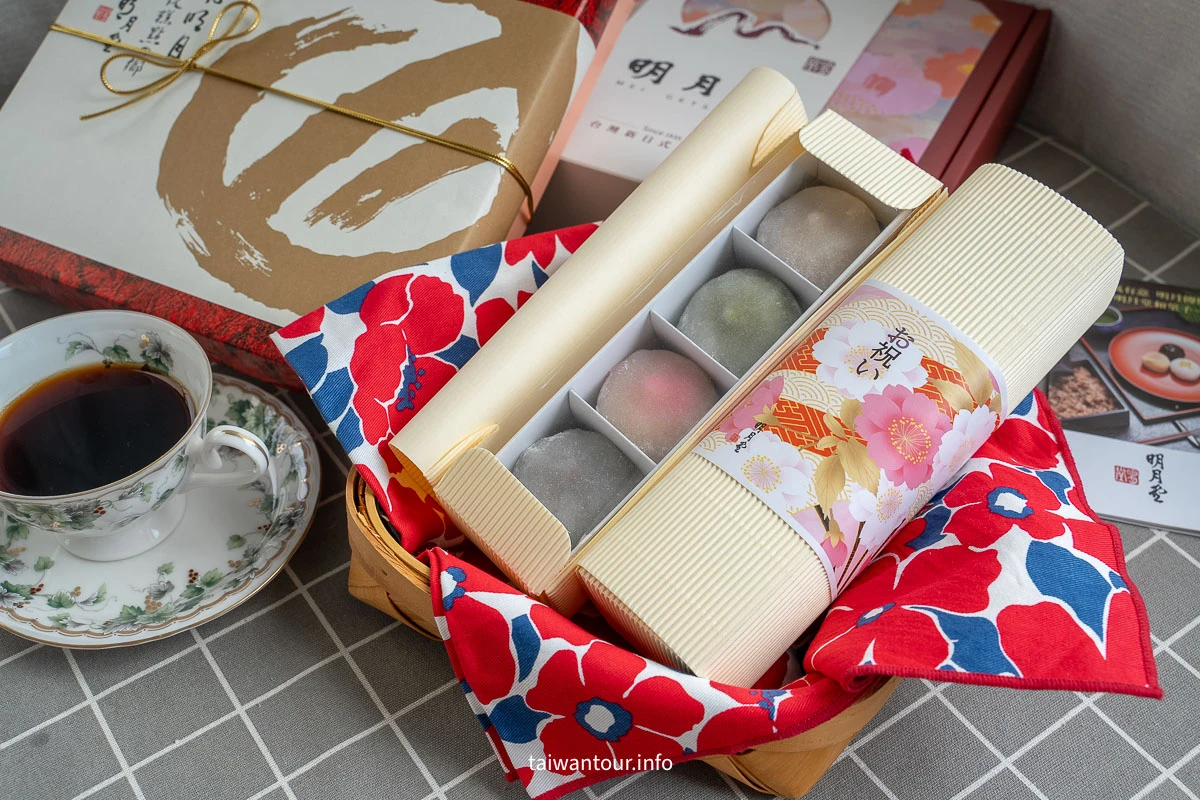 【明月堂和菓子】80年三重日式彌月禮盒中秋節伴手禮 【明月堂和菓子】80年三重日式彌月禮盒中秋節伴手禮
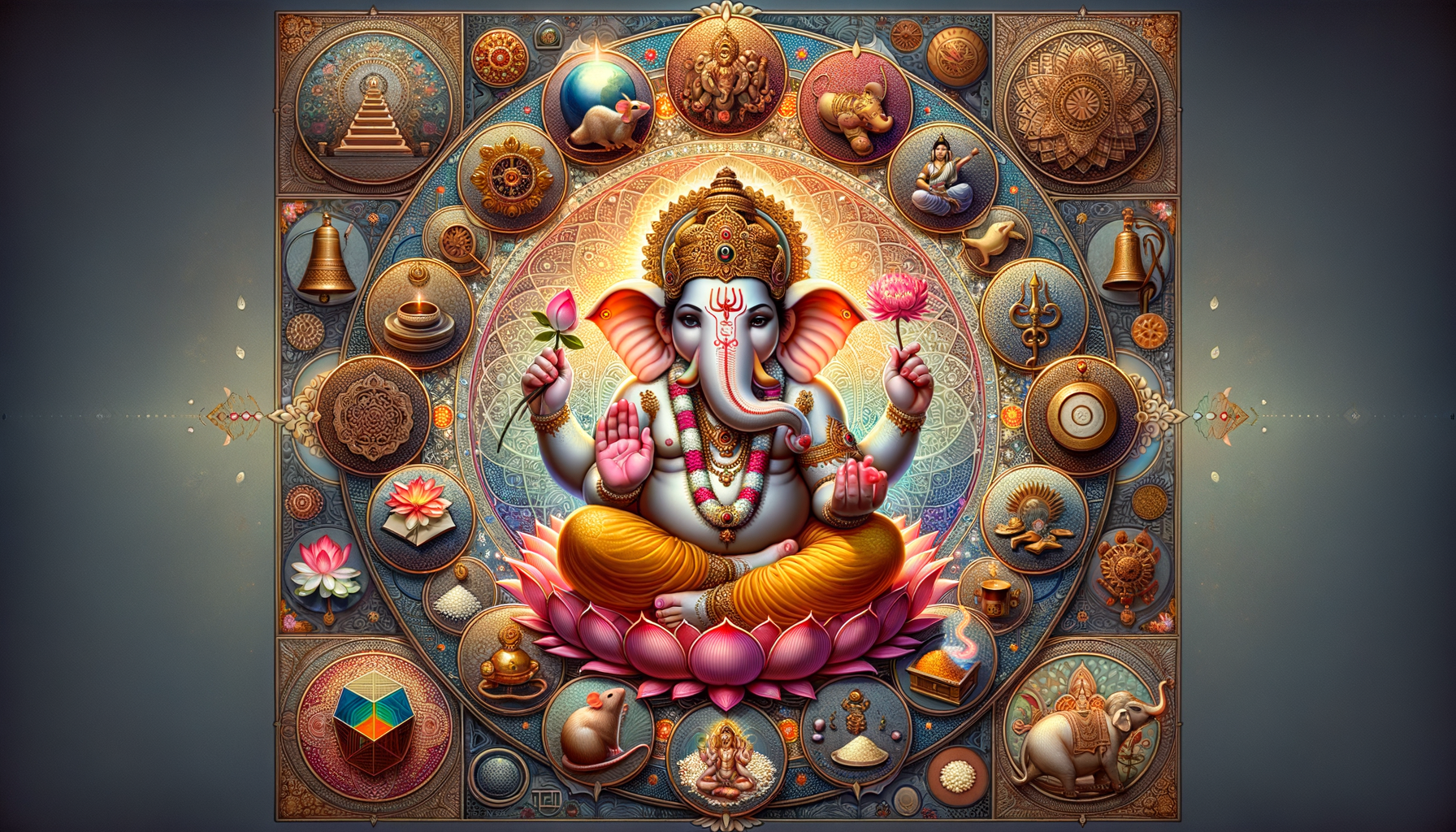 12 Incarnations of Ganesha: Sacred Avatars of Ganapati in the Mudgala and Ganesha Puranas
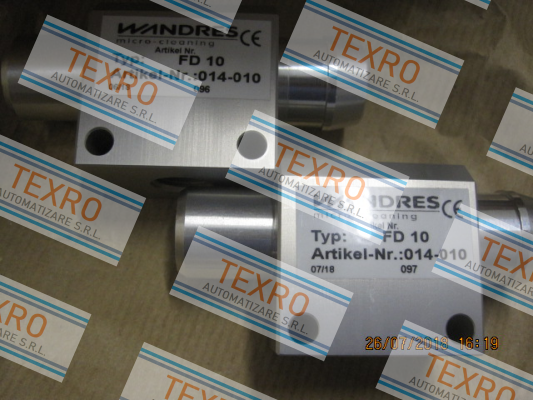 Wandres-FD 10 price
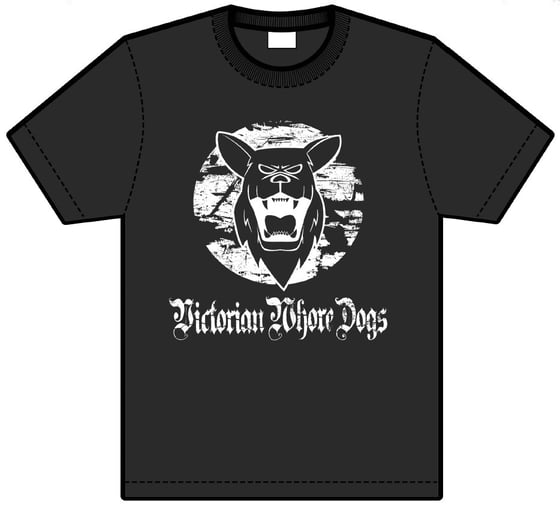 Image of Victorian Whore Dogs "Dog-Face" Black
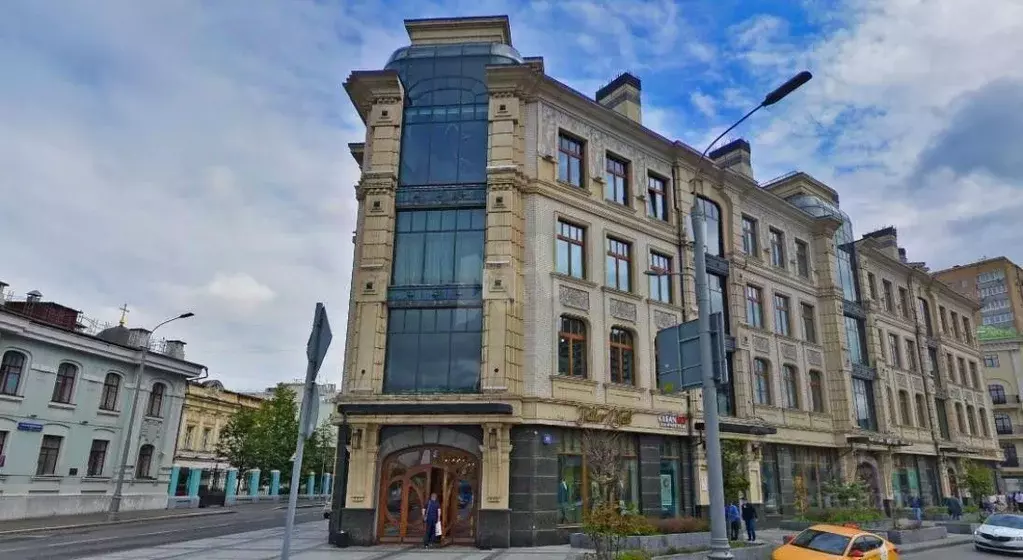 Помещение свободного назначения в Москва ул. Большая Якиманка, 15 (969 ... - Фото 1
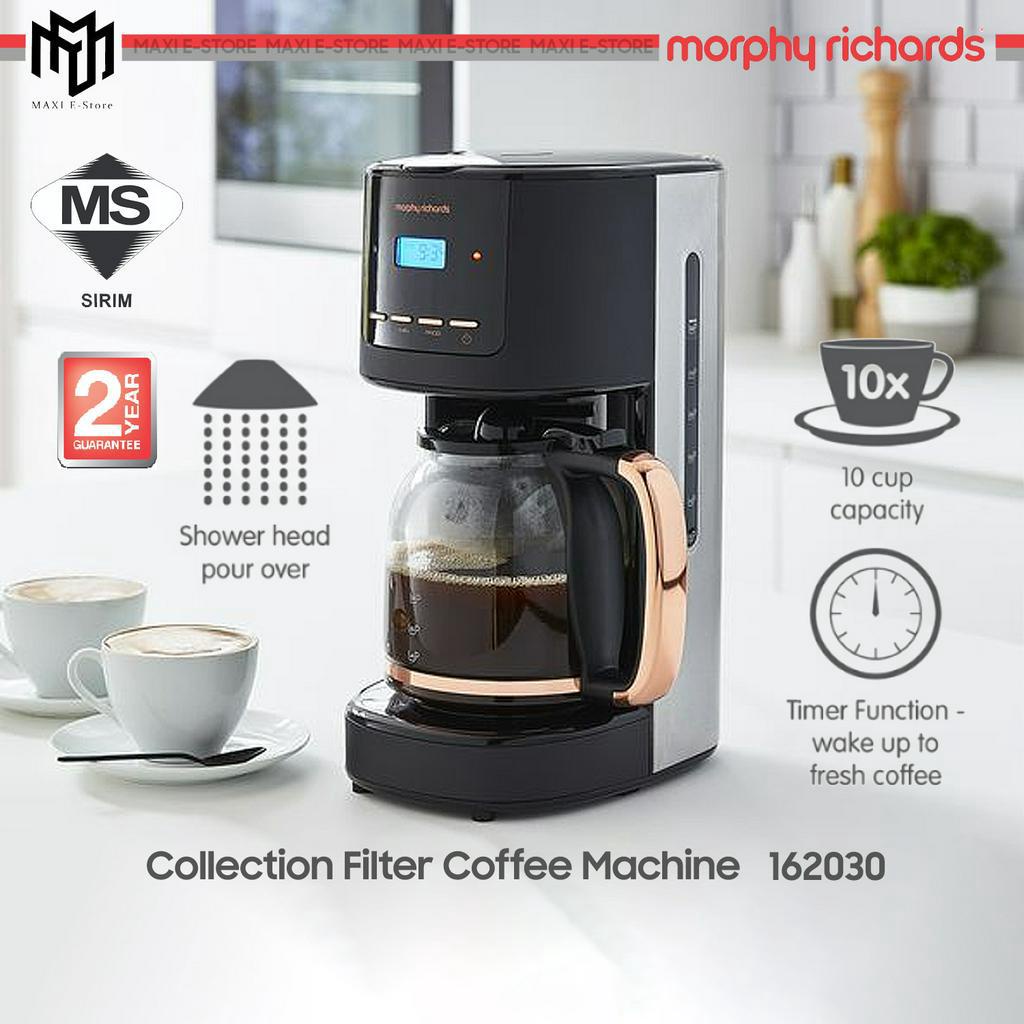 [Showroom Display] Morphy Richards Coffee Maker Timer Function/Auto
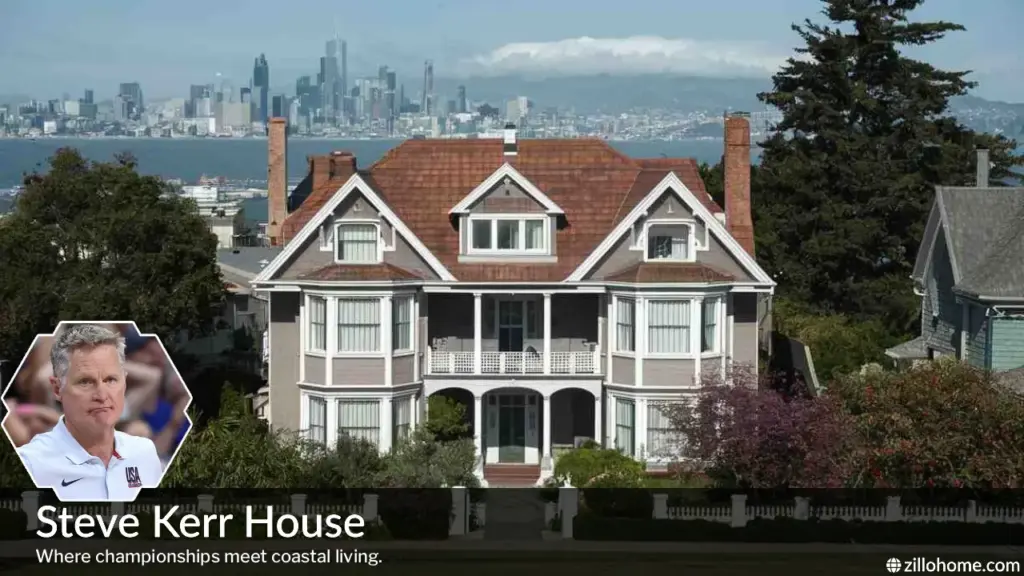 A Peek Inside Steve Kerr’s Life: Steve Kerr House Tour in La Jolla, California Steve Kerr House exterior view in La Jolla California coastal neighborhood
--*--
__WHAT NEEDS TO BE DONE__. All lines of the listing must be given again exactly, excluding the pictures.

__ANSWER FOR THIS EXERCISE__.
 【明月堂和菓子】80年三重日式彌月禮盒中秋節伴手禮 【明月堂和菓子】80年三重日式彌月禮盒中秋節伴手禮
 12 Incarnations of Ganesha: Sacred Avatars of Ganapati in the Mudgala and Ganesha Puranas
 Wandres-FD 10 price
 Image of Victorian Whore Dogs "Dog-Face" Black
 Помещение свободного назначения в Москва ул. Большая Якиманка, 15 (969 ... - Фото 1
 [Showroom Display] Morphy Richards Coffee Maker Timer Function/Auto
 A Peek Inside Steve Kerr’s Life: Steve Kerr House Tour in La Jolla, California Steve Kerr House exterior view in La Jolla California coastal neighborhood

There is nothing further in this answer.